When migrating from self-managed ArgoCD to EKS Capability, existing Application/ApplicationSet resources are compatible. However, verify compatibility beforehand if you use Custom Resource Definition extensions or custom plugins.

Enabling EKS Capabilities

Console:

  1. EKS Console → Cluster → Capabilities tab
  2. Click Create capabilities
  3. Select Argo CD checkbox → Assign Capability Role
  4. Configure AWS Identity Center authentication

CLI:

# Create Argo CD Capability
aws eks create-capability \
--cluster-name prod-hub-cluster \
--capability-type ARGOCD \
--role-arn arn:aws:iam::123456789012:role/eks-argocd-role \
--configuration '{
"identityCenterConfig": {
"instanceArn": "arn:aws:sso:::instance/ssoins-xxxxxxxxx"
}
}'

# Create ACK Capability
aws eks create-capability \
--cluster-name prod-hub-cluster \
--capability-type ACK \
--role-arn arn:aws:iam::123456789012:role/eks-ack-role

# Create kro Capability
aws eks create-capability \
--cluster-name prod-hub-cluster \
--capability-type KRO \
--role-arn arn:aws:iam::123456789012:role/eks-kro-role

Conclusion

GitOps-based large-scale EKS cluster operations strategy can dramatically reduce manual management burden and greatly enhance stability and scalability.

Core Recommendations

1. Leverage EKS Capabilities (ArgoCD + ACK + kro)

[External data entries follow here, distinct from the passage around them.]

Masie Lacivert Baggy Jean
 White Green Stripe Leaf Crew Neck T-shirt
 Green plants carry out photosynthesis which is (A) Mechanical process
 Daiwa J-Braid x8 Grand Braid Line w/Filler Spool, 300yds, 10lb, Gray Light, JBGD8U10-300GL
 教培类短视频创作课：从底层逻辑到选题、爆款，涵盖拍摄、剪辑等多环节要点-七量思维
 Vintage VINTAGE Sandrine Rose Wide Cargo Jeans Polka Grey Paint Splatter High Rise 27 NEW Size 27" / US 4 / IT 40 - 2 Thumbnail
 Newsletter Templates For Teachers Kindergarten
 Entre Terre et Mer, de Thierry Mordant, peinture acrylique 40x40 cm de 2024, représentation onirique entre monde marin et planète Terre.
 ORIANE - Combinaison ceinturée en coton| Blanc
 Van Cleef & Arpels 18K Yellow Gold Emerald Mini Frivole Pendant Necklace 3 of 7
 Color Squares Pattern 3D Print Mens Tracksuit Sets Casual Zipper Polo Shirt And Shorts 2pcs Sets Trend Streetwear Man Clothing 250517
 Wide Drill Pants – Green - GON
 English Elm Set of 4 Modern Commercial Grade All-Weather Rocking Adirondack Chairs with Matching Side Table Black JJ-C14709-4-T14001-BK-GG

  • Eliminate operational overhead by running ArgoCD as EKS Capability
  • Kubernetes-native infrastructure management via ACK/kro
  • SSO-based access control through AWS Identity Center integration

2. Multi-Cluster Management Using ArgoCD ApplicationSets

  • Hub-and-Spoke architecture for centralized management
  • Consistent deployment across clusters with environment-specific customization

3. Automated Blue/Green Upgrade Strategy

  • Zero-downtime cluster upgrades
  • Automatic rollback capability

4. Policy as Code Based Governance

  • Policy enforcement through OPA/Gatekeeper
  • Automated compliance

Through phased migration approach, you can quickly realize value while minimizing risk.